Representando o secretário de Saúde, a coordenadora de Inovação e Gestão do Conhecimento da SES, Mabele Roque, elogiou a ornamentação do evento e “o cuidado nos mínimos detalhes” e ressaltou que a criação do Cetea “simboliza a capacitação dos nossos profissionais para o manejo adequado do TEA e a possibilidade de novas evidências para fazer saúde pública”.
Relatos Emocionantes
Presente à mesa solene, Cibele Lopes se emocionou ao relatar a própria história. “Sou mãe de três filhos autistas e tudo mudou após a chegada deles”, disse com a voz embargada. Ela contou as dificuldades que enfrenta ao “precisar ser forte o tempo inteiro” e destacou que “quando falamos de autismo, não estamos falando apenas de diagnóstico, mas de mudança e reformulação da família”. Para ela, a criação de um espaço como o Cetea significa “conhecimento, ciência, pesquisa séria. E isso importa muito para nós, famílias atípicas, pois, no autismo, o tempo, a capacitação profissional e as pesquisas importam”.
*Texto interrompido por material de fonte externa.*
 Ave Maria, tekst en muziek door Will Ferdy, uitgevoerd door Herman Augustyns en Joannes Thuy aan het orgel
“Conhecimento, ciência, pesquisa séria. E isso importa muito para nós, famílias atípicas, pois, no autismo, o tempo, a capacitação profissional e as pesquisas importam”.
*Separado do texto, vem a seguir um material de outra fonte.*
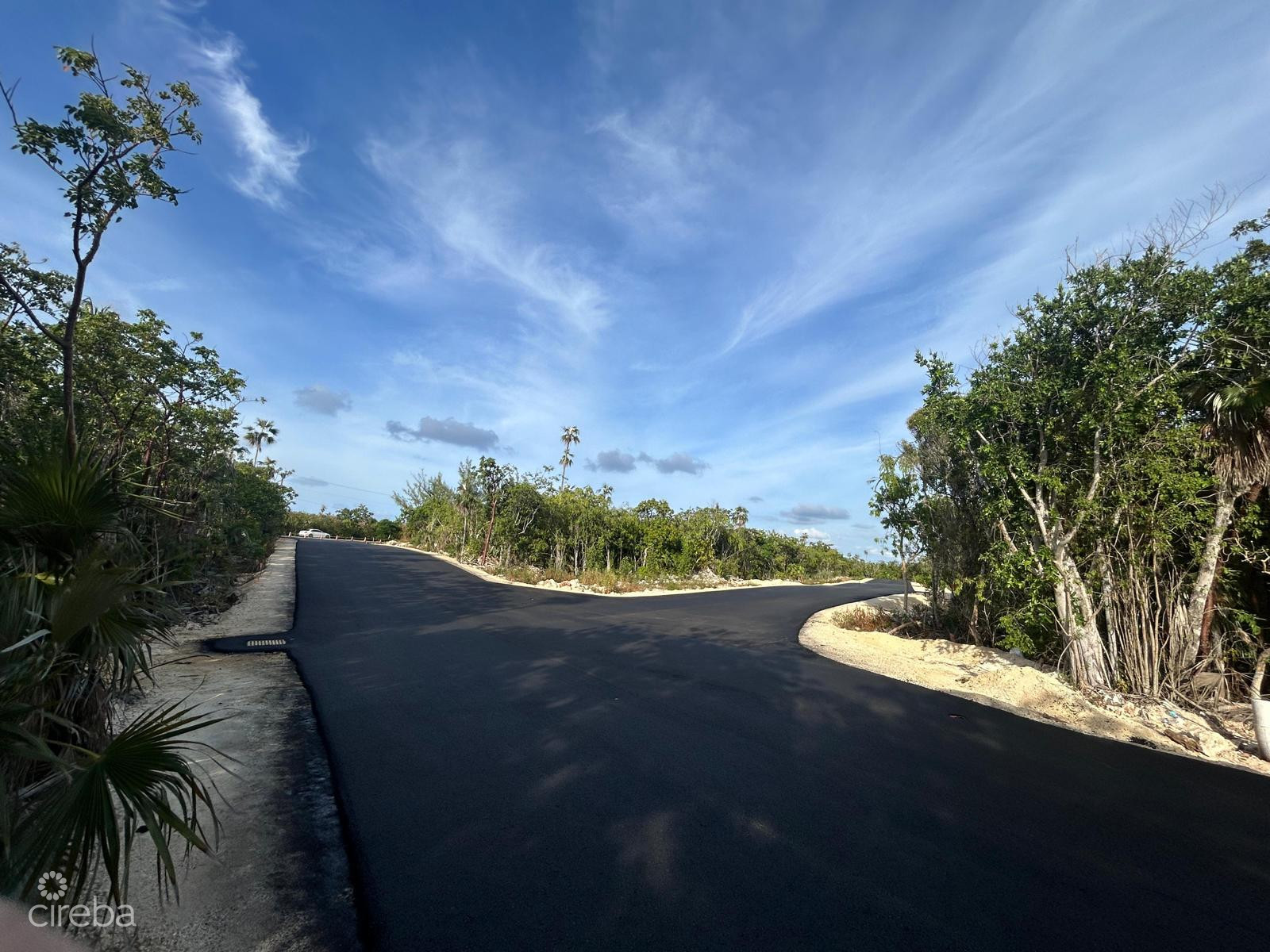 QUEENS HIGHWAY HOUSE / DUPLEX LOT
Cibele Lopes, mãe de três filhos autistas
“O propósito principal do Cetea é tornar tudo mais claro, e que a inclusão não seja necessária, porque não terá nada de fora para ser incluído”, disse Fernando Pucci, que é autista, professor e faz parte da equipe do Cetea. Com conhecimento de causa, Fernando ressaltou que “pela força de vontade de todos aqui, surgirão coisas maravilhosas para todos nós”.
Finalizando o evento, Marco Antônio Toccolini, representante da senadora Damares Alves, se descreveu como “avô atípico” ao receber, recentemente, o diagnóstico de autismo do neto. “Estou muito emocionado, porque agora é uma luta mais pessoal do que nunca, por inclusão, melhores condições, evidências científicas, avanço nas pesquisas e tecnológicos para os estudos sobre o TEA”. Especialista em educação especial desde 1994, ele diz que “Brasília é referência nesse tema e a criação do Cetea é um momento realmente histórico”.